Emerging-Markets Stocks Rise To 2-Year High

Equities in emerging markets advanced last week, posting the best performance among the major asset classes and touching a two-year high, based on a set of exchange-traded products.

Vanguard FTSE Emerging Markets (VWO) increased 1.8% over the five trading days through May 12 – the best weekly increase in two months for the fund. The strong gain is substantially ahead of last week’s second-best performer: broadly defined commodities via iPath Bloomberg Commodity (DJP), which popped 1.0% last week.

Relatively inexpensive valuations in emerging markets is part of the allure, according to Barron’s. “At just 12 times forward earnings, emerging markets are trading at a hefty discount to US stocks, at 18 times, European shares, at 15, and Japanese equities, at 14,” the publication advises.

The long-term expected risk premium for equities in emerging markets was recently estimated at an annualized 9.3%, the second-highest forecast among the major asset classes.

The biggest loser among the major asset classes in the second week of trading for May: US real estate investment trusts (REITs). Vanguard REIT (VNQ) declined 1.4%, marking the third straight weekly loss for the fund.

The Global Markets Index (GMI.F) suffered a setback last week, in part due to softer US equity prices for the second week of May. GMI.F, an investable, unmanaged benchmark that holds all the major asset classes in market-value weights, eased 0.2%, the first weekly decline in a month for the benchmark.

In the one-year column, emerging-markets stocks continue to hold the top spot. VWO is currently posting a strong 25.5% total return for the past 12 months. The gain is comfortably ahead of the number-two performer: US equities via Vanguard Total Stock Market ETF (VTI), which is up 18.9% for the trailing one-year change.
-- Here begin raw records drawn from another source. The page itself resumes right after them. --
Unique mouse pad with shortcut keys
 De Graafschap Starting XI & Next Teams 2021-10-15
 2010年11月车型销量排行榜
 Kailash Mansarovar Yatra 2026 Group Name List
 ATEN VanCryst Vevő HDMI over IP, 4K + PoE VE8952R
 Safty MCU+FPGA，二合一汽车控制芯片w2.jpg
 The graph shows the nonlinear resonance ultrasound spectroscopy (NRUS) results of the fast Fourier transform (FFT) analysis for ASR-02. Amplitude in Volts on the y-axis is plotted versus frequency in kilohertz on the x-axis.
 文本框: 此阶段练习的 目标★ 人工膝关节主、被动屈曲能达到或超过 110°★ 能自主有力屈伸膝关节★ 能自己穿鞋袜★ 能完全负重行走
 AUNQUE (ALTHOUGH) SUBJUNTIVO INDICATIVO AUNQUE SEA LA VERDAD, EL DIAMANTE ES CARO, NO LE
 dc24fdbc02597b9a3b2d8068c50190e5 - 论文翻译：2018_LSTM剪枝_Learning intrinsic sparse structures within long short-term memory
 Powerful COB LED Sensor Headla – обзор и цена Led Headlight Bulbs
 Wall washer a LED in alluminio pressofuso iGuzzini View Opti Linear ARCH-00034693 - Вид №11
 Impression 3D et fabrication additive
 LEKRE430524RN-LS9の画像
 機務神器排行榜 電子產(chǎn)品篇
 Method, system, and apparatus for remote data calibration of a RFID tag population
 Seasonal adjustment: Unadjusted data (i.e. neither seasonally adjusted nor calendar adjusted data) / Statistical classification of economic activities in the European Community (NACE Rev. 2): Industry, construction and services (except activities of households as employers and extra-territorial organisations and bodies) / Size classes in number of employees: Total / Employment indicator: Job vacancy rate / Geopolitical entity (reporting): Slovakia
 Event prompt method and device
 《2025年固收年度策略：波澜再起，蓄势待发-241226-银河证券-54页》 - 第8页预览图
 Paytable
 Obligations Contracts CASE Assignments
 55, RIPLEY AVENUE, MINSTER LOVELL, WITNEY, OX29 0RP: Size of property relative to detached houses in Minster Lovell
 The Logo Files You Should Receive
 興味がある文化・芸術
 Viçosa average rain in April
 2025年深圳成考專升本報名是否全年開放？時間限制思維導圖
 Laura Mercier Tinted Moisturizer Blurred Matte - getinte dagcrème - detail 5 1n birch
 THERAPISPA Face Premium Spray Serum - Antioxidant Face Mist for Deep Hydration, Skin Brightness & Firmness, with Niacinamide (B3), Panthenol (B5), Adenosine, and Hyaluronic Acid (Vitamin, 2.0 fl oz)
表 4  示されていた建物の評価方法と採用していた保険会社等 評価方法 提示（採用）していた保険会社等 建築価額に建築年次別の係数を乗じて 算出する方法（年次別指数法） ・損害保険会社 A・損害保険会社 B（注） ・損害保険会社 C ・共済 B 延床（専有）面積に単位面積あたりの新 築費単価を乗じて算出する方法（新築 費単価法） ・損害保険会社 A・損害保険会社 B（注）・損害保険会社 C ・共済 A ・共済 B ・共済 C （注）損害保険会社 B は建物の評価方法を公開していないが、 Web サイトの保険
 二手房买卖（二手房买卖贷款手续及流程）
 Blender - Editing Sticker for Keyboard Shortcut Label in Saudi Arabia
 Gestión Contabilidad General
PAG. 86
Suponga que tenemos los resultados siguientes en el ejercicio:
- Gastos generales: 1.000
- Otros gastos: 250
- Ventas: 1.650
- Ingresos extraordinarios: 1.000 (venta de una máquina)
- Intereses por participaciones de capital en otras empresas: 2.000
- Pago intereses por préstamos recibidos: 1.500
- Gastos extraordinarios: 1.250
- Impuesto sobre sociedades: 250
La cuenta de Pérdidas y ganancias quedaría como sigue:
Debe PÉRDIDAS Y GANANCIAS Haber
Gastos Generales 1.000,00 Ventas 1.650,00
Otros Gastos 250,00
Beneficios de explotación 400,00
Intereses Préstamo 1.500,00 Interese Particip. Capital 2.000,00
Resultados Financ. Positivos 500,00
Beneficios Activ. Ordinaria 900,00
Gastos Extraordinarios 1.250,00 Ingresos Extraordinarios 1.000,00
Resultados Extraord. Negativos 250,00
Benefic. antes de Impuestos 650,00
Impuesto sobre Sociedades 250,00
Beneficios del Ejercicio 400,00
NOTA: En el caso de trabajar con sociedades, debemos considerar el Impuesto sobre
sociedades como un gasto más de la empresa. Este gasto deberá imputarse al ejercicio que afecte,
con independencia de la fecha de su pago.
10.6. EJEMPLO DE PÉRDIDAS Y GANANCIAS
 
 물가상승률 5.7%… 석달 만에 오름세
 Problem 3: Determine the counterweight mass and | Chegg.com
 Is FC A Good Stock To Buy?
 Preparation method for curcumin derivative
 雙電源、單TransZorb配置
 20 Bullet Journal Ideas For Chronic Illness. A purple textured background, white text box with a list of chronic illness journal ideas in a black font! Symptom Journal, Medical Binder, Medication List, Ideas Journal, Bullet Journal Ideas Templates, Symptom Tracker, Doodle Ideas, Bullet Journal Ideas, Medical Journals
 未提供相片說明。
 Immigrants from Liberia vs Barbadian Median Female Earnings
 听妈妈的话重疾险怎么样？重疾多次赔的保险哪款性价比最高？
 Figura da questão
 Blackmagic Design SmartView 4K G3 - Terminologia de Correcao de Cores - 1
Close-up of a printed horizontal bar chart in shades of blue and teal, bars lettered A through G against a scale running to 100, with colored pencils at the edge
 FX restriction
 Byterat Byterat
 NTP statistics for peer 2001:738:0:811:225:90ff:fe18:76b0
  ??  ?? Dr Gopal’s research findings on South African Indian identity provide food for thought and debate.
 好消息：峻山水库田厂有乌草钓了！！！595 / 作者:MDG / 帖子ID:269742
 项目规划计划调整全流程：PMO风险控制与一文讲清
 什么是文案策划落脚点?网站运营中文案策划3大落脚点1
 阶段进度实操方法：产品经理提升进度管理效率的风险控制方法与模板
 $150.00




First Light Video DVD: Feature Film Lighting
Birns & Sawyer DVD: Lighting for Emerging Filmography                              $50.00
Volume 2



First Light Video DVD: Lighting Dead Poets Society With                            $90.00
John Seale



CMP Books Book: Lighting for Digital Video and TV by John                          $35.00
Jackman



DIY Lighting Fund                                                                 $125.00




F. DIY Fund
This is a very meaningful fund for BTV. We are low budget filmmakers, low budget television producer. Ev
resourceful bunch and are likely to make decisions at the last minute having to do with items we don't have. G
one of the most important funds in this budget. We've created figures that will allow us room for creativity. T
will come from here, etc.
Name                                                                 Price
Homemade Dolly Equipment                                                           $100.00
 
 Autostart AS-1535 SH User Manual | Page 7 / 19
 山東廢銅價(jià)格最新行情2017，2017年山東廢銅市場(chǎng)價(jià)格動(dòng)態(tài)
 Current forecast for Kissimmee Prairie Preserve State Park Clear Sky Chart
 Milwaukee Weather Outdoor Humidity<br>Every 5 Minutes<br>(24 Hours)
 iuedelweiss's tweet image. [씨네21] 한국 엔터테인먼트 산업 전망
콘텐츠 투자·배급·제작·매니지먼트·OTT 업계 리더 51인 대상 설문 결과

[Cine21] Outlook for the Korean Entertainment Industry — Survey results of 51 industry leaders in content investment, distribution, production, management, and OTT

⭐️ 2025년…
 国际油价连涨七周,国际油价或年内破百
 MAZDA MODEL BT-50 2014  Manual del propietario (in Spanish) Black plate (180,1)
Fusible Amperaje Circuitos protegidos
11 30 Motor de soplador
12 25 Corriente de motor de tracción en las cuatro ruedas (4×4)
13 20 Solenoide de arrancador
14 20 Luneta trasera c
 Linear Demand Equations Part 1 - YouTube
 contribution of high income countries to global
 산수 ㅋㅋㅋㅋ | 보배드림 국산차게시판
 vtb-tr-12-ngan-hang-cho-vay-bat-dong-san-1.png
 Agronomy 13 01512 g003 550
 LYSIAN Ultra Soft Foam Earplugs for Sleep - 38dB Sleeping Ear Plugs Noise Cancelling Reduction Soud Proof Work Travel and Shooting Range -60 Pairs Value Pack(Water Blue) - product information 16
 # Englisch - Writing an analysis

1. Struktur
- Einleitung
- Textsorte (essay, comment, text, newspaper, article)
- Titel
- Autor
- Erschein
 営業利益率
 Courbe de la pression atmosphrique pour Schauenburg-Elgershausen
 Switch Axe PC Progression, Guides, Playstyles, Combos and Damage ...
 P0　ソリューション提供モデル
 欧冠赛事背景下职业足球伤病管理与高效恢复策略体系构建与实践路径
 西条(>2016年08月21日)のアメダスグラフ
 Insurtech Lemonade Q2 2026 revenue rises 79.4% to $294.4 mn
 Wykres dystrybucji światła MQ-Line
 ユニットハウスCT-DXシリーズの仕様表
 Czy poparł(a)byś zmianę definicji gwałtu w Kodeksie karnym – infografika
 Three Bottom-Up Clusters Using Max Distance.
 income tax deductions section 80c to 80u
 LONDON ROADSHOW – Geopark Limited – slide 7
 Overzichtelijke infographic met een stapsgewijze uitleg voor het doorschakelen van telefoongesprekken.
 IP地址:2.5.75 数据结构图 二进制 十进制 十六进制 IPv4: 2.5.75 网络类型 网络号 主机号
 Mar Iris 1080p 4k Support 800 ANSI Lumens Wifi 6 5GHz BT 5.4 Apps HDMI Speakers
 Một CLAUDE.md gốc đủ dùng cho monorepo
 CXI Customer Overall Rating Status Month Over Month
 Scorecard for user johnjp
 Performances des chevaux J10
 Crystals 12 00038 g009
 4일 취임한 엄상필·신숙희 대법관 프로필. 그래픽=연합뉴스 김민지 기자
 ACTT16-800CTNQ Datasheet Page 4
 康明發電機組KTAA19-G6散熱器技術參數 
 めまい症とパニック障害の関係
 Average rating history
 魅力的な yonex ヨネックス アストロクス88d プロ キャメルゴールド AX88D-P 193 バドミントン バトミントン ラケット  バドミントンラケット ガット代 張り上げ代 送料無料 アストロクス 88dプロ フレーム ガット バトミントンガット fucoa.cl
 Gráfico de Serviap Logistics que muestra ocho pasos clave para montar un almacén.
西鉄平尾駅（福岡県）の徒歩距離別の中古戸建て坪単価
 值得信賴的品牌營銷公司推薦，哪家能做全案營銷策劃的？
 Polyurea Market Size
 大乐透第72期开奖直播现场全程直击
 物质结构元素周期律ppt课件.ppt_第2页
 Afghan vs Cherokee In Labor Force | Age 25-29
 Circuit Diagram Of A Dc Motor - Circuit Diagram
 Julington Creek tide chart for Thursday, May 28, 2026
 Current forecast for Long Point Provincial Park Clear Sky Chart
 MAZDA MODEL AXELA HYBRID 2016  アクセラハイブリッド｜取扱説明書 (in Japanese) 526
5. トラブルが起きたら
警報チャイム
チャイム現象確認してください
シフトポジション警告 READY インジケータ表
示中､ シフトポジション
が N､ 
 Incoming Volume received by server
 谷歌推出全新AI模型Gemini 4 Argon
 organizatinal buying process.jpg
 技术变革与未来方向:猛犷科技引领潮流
The biggest loser for one-year performance: foreign government bonds in developed markets. SPDR Bloomberg Barclays International Treasury Bond (BWX) has been rebounding this year, but the modest rally has yet to lift the ETF out of its one-year hole. At last week’s close, BWX was down 4.0% for the trailing one-year window.

Meanwhile, GMI.F is still posting a solid one-year increase. The benchmark is ahead by 11.2% for the year through May 12.